··· Exercise inputs
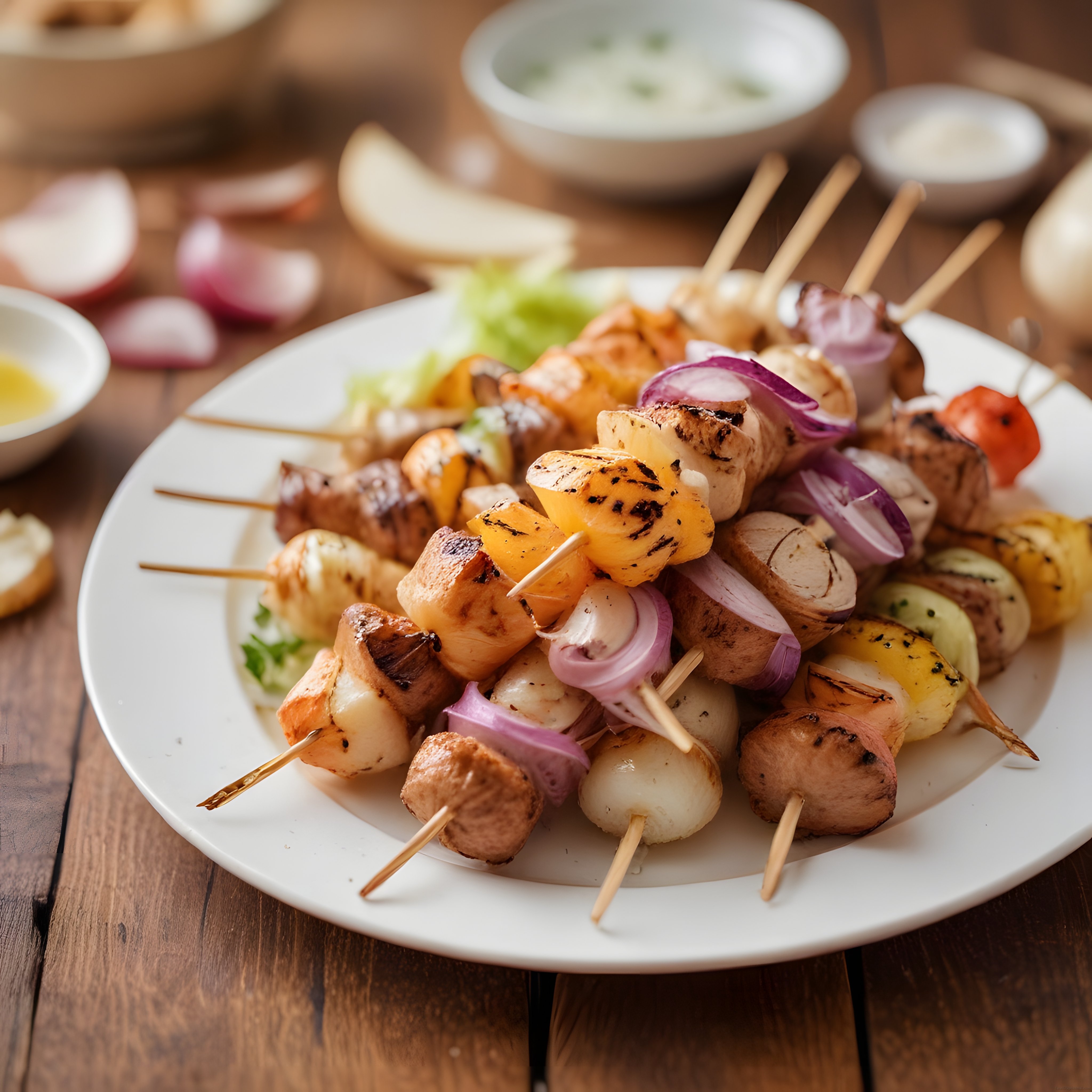 Beyaz tabakta ahşap şişte ızgara tavuk karides ve sebzeli barbekü sunumu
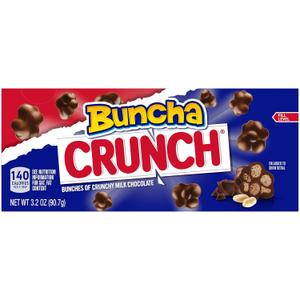 Buncha CRUNCH; Milk Chocolate and Crisped Rice, Movie Theater Candy Box, 3.2 oz each, Bulk 12 Pack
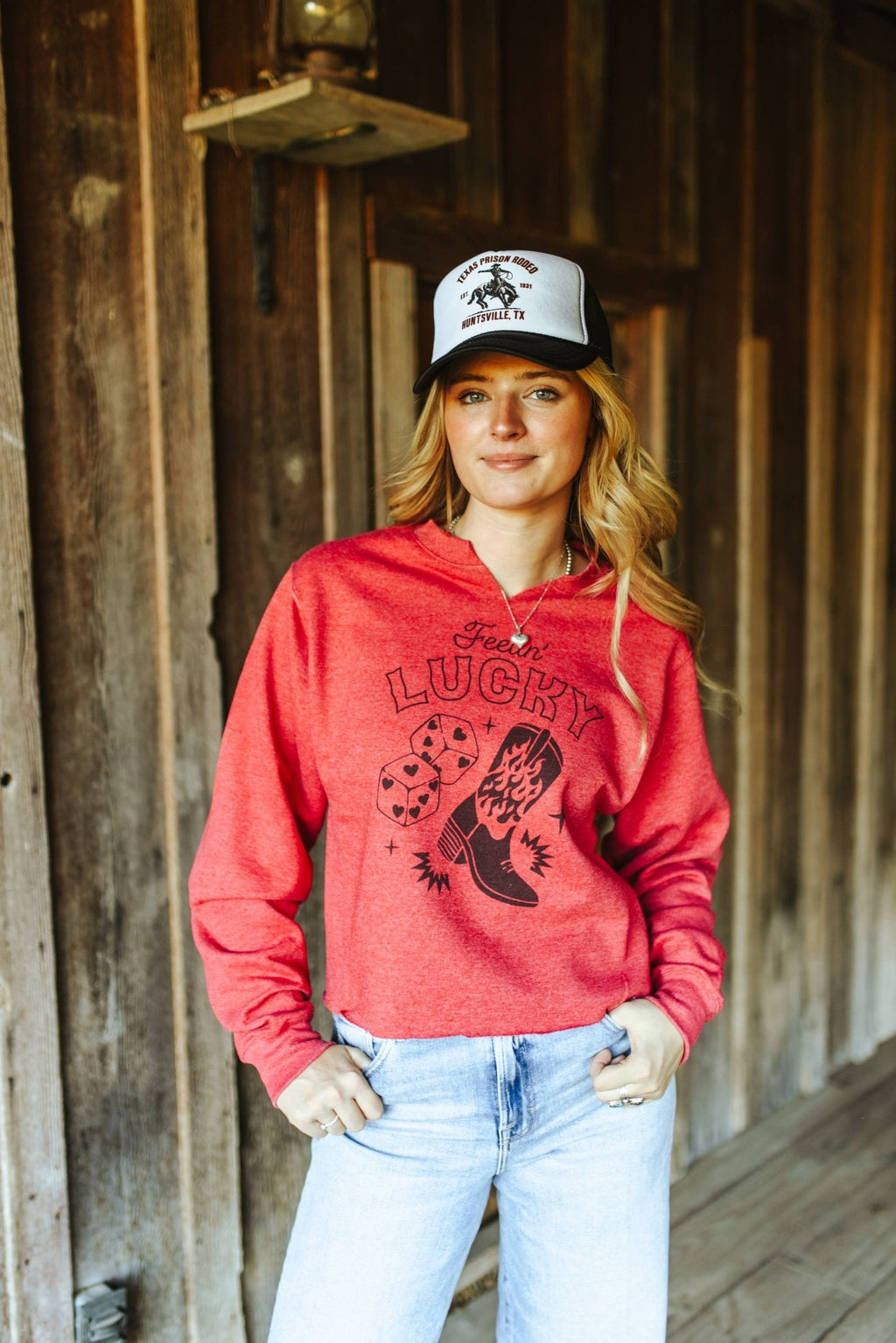 Wild Junkie Feelin' Lucky Raw Hem V-Neck Crop Graphic Sweatshirt — detail close-up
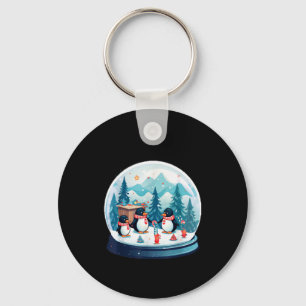 Christmas Penguin Snow Globe Scene Family Holiday  Keychain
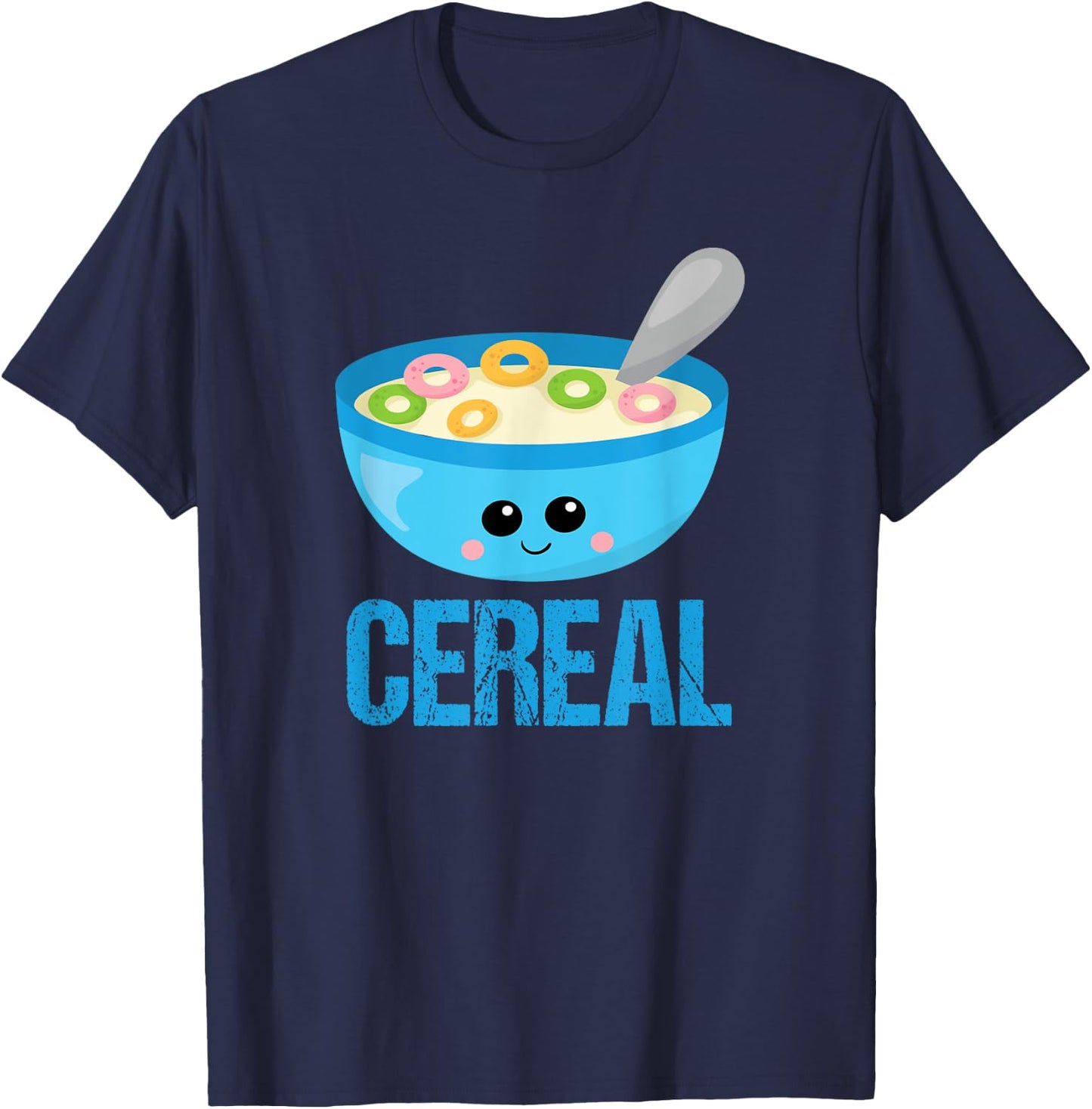 Cute Cereal & Milk Couples Halloween Costume His & Hers T-Shirt - T-Shirt | Navy
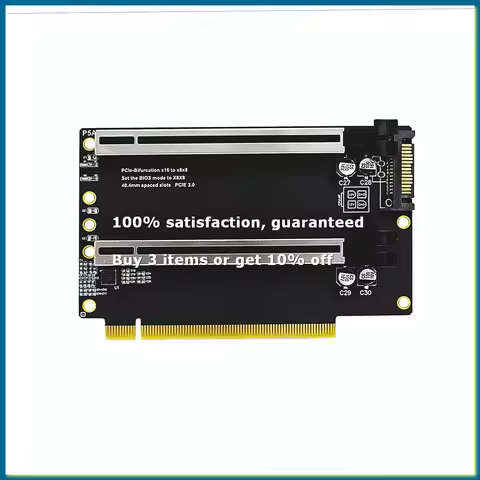 PCIE 3.0 X16 1 to 2 Expansion Card Gen3 Split Card PCIe X16 to X8X8 40.4mm Spaced Slots SATA PCIe He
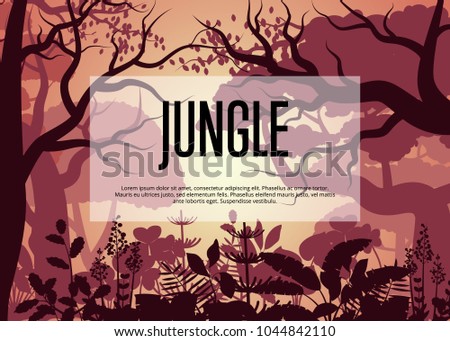 Morning tropical jungle poster. Floral landscape, wildlife concept, wood silhouettes, evening rainforest background. Night forest backdrop with trees and bush vector illustration in cartoon style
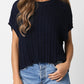 Slouchy Short Sleeve Sweater | Navy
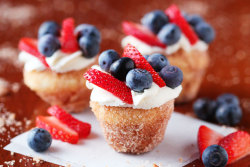 in-my-mouth:  Strawberry Shortcake Doughnut Muffins 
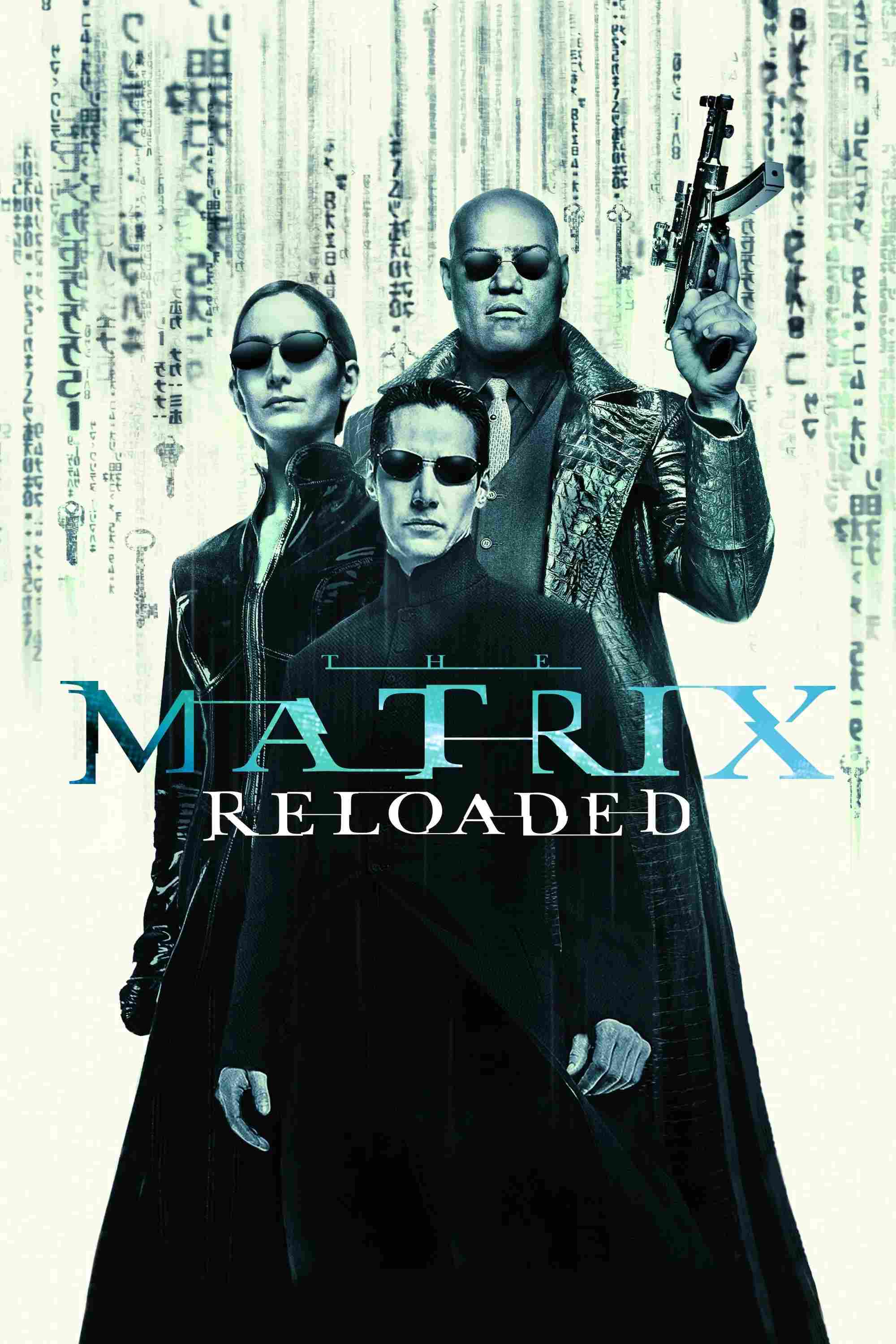 Poster chính thức của phim Phim Phiêu Lưu, Phim Hành Động "Ma Trận 2: Tái Lập" (The Matrix Reloaded - 2003), với sự tham gia của diễn viên Keanu Reeves và Laurence Fishburne.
······
Copy word for word the lines above, starting at the line containing "Wild Junkie Feelin'" and ending at the line containing "PCIE 3.0 X16", inclusive, with no pictures.

**Written solution**
 Wild Junkie Feelin' Lucky Raw Hem V-Neck Crop Graphic Sweatshirt — detail close-up
 Christmas Penguin Snow Globe Scene Family Holiday  Keychain
 Cute Cereal & Milk Couples Halloween Costume His & Hers T-Shirt - T-Shirt | Navy
 PCIE 3.0 X16 1 to 2 Expansion Card Gen3 Split Card PCIe X16 to X8X8 40.4mm Spaced Slots SATA PCIe He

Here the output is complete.